In general, incentives are anything that persuade a person to alter their behaviour. It is emphasised that incentives matter by the basic law of economists and the laws of behaviour, which state that higher incentives amount to greater levels of effort and therefore, higher levels of performance.

Divisions
Incentives can be broken down into two categories; intrinsic incentives and extrinsic incentives. The motivation of people's behaviour comes from within. In activities, they are often motivated by the task itself or the internal reward rather than the external reward. There are many internal rewards, for example, participating in activities can satisfy people's sense of achievement and bring them positive emotions. An intrinsic incentive is when a person is motivated to act in a certain way for their own personal satisfaction. This means that when a person is intrinsically incentivised, they perform a certain task to please themselves and are not seeking any external reward, nor facing any external pressure to perform the task. On the other hand, an extrinsic incentive is when a person has external pressure persuading them to act in a particular way. The external pressure could include either a reward for completing the task or could be a form of punishment or consequence if the task is not completed. When people have difficulty completing a task or lack interest in participating in an activity, extrinsic incentives can often be effective in helping people improve their motivation.  

Intrinsic incentives and extrinsic incentives are both important and drive people's behaviour. However, people's intrinsic motivation tends to decrease when they are offered too many extrinsic rewards, in order to maintain the action, constant incentives have to be provided, which is known as the Overjustification Effect.   

In the context of economics, incentives are most studied in the area of personnel economics where economic analysts, such as those tho take part in human resources management practices, focus on how firms make employees more motivated, through pay and career concerns, compensation and performance evaluation, to motivate employees and best achieve the firms desired performance outcomes.

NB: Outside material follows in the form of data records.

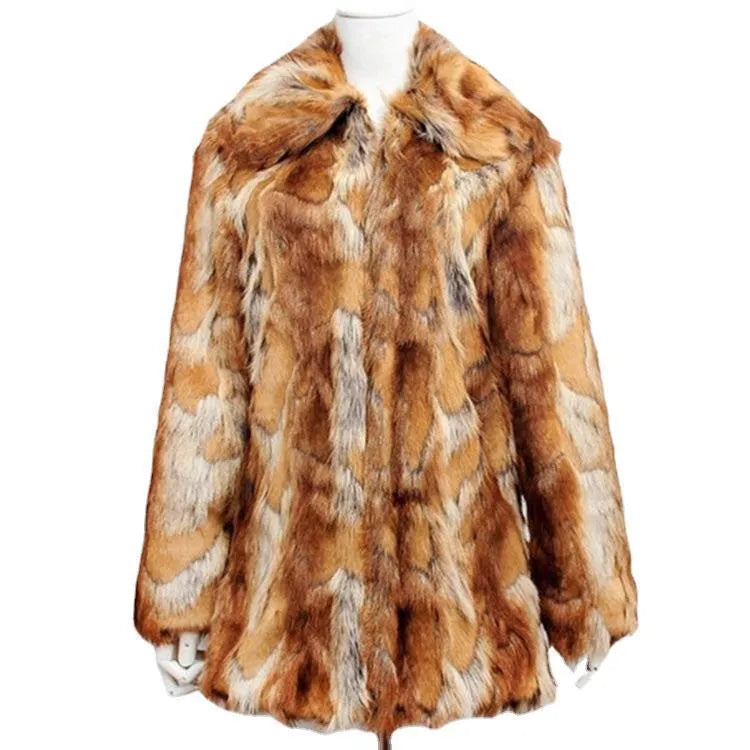 Women's tiger print faux fur jacket with regular long sleeves and medium 65cm length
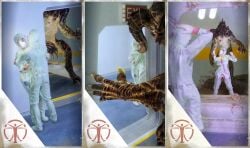 3d bethesda_softworks deathclaw emotrashcan face_covered fallout female hazmat_suit helmet hugging implied_rape institute laboratory monster ripped_bodysuit ripped_suit spoof synth_(fallout)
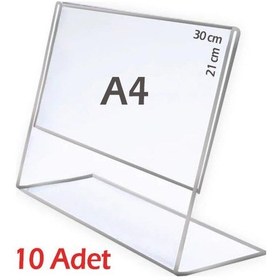 Resim A4 L-Tipi Yatay Şeffaf Föylük Menü Fiyatlık Broşürlük Etiketlik ( 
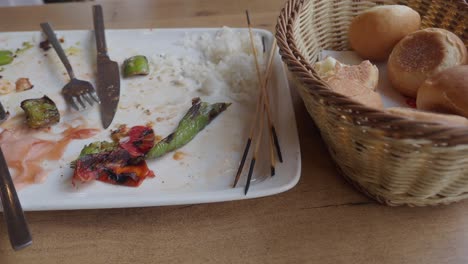 empty plate with leftover food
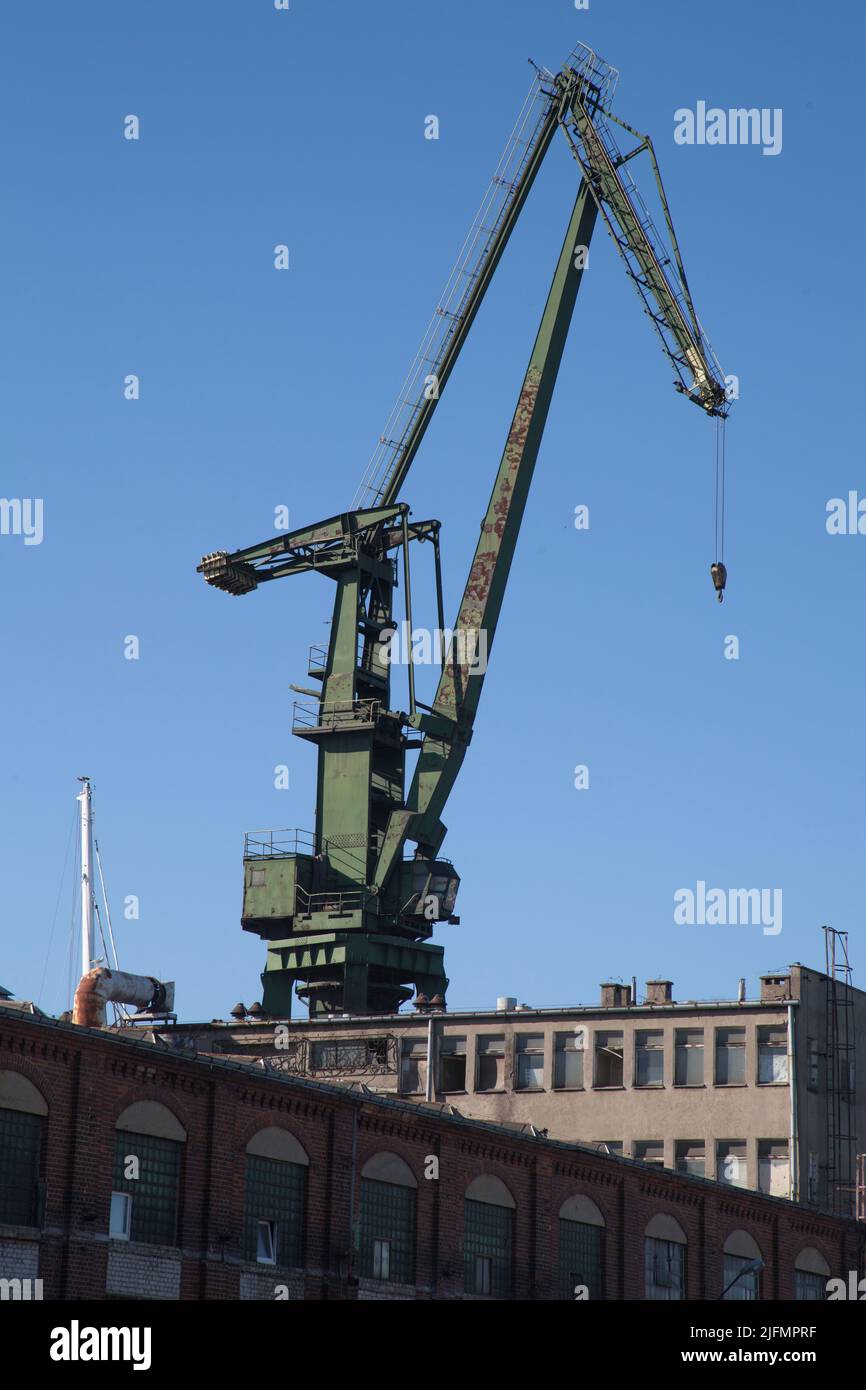 A crane at Gdansk Shipyard, Poland - żuraw, Stocznia Gdansk, Polska Stock Photo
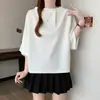 Camiseta blanca de manga corta para mujer, nuevo estilo de verano 2026, talla grande, moderna, rejuvenecedora, adelgazante, top elegante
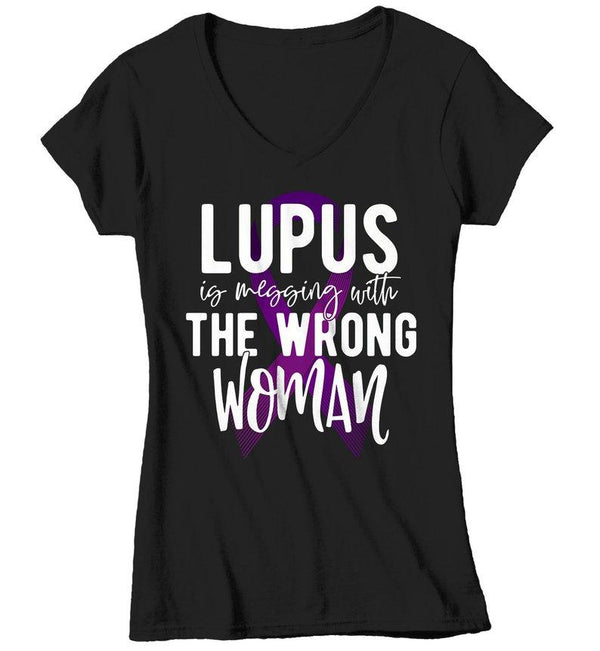 Women's Lupus Shirt Purple Ribbon Lupus T-Shirt Lupus Messing With Wrong Woman-Shirts By Sarah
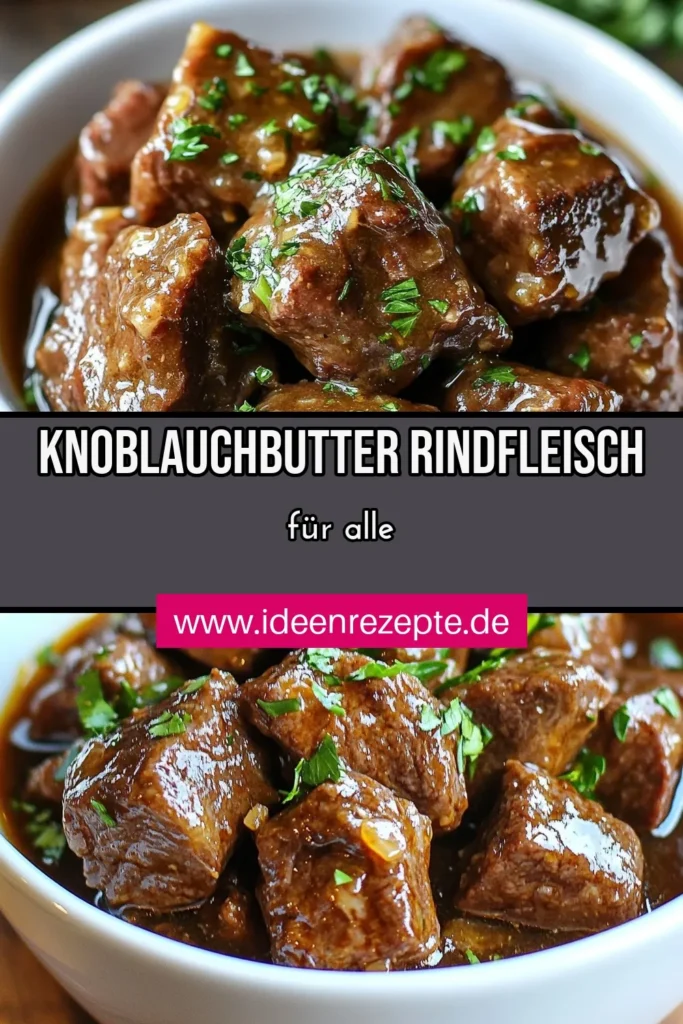 Entdecken Sie unser köstliches Rezept für Knoblauchbutter Rindfleisch, das perfekt für langsames Kochen ist. Diese zarten Rindfleischstückchen mit Knoblauch sind die ideale Ergänzung zu Ihren Eintopf Rezepten. Einfach im Slow Cooker zubereitet, bringen Sie Aromen auf ein neues Level. Genießen Sie eine herzhafte Mahlzeit, die Ihre ganze Familie lieben wird. Probieren Sie es aus und speichern Sie das Rezept! #KnoblauchbutterRindfleisch #LangsamesKochenRindfleisch #EintopfRezepte #SlowCookerRindfleisch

Overall, the standard "law of behaviour" suggests that more incentives will result in higher performance and higher effort, people can reach their performance to the next level by rewarding. 
As a result, extrinsic incentives are commonly used within the workforce by employers and managers. This is because, employers believe that the more they encourage their employees to act in a certain way, the more the company will benefit in reaching its organisational goals. However, there are some parties who opposed the benefits of using extrinsic incentives and believe they cause more harm than good. This is because these opponents believe that the constant use of extrinsic incentives can lead to crowding out of intrinsic incentives, which are also valuable performance motivators. When people are constantly being incentivised by external pressures, they neglect their intrinsic motives which could consequently ruin their work ethic. This is because, these people can become too comfortable with always gaining some reward for acting in a certain way, people think that they deserve to earn rewards for doing certain things, not for the benefits of the firm but benefits of themselves, leading to them to take no action if no extrinsic incentive is involved. 
Nonetheless, incentives (both intrinsic and extrinsic) can be beneficial in altering a persons behaviour and can be effectively used and executed within many different areas of life including in the workforce, in education and within one's personal life.

Classification

Classified by David Callahan, the types of incentives can be further broken down into three broad classes according to the different ways in which they motivate agents to take a particular course of actions:

Monetary incentives
Monetary incentives are a monetary good given to someone to incentivize their actions. This is a type of extrinsic incentive and is commonly seen in the workplace. They can come in the forms of profit sharing, bonuses, stock options or even paid vacation time. Well-chosen monetary incentive programs can produce positive motivation and influence the productivity and output of individuals and firms. Firms use a variety of methods to implement productive behavior. 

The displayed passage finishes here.